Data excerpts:
* * * *
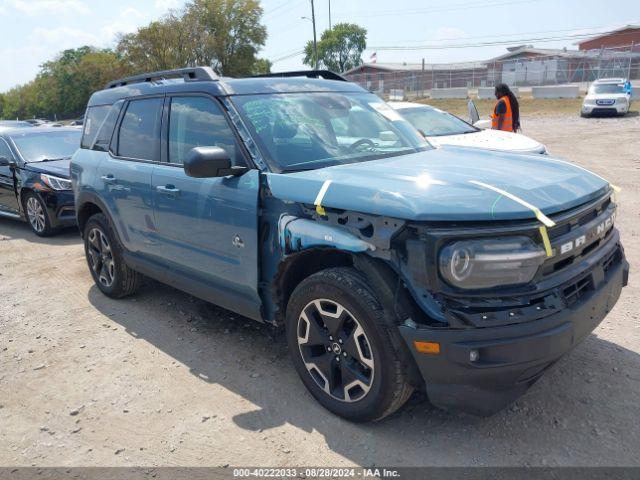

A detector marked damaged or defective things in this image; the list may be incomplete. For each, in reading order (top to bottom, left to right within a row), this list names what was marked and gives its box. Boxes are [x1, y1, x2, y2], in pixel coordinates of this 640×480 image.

crumpled hood [424, 129, 544, 154]
crumpled hood [23, 159, 70, 178]
crumpled hood [264, 146, 608, 223]
damaged front fender [278, 215, 376, 255]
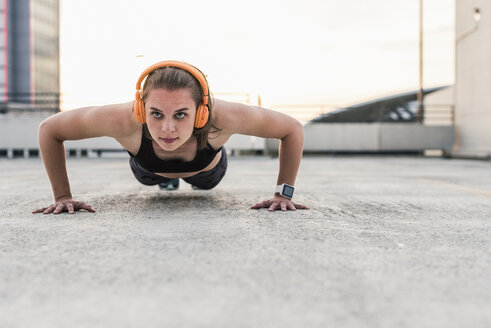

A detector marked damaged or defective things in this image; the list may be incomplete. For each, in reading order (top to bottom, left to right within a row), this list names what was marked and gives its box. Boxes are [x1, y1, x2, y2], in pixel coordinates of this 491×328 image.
* * * *
▶ TASK STATEMENT: Please print each record above again exactly, but omit any pictures.

▶ EXERCISE OUTPUT:
A detector marked damaged or defective things in this image; the list may be incomplete. For each, in reading order (top to bottom, left to right within a row), this list names what was marked and gives its box. Boxes are [x1, y1, x2, y2], in pixel coordinates of this 640×480 image.

crumpled hood [424, 129, 544, 154]
crumpled hood [23, 159, 70, 178]
crumpled hood [264, 146, 608, 223]
damaged front fender [278, 215, 376, 255]

A detector marked damaged or defective things in this image; the list may be incomplete. For each, in reading order (top to bottom, left to right within a row), this list names what was marked and gives its box. Boxes are [x1, y1, x2, y2], in pixel coordinates of this 491×328 image.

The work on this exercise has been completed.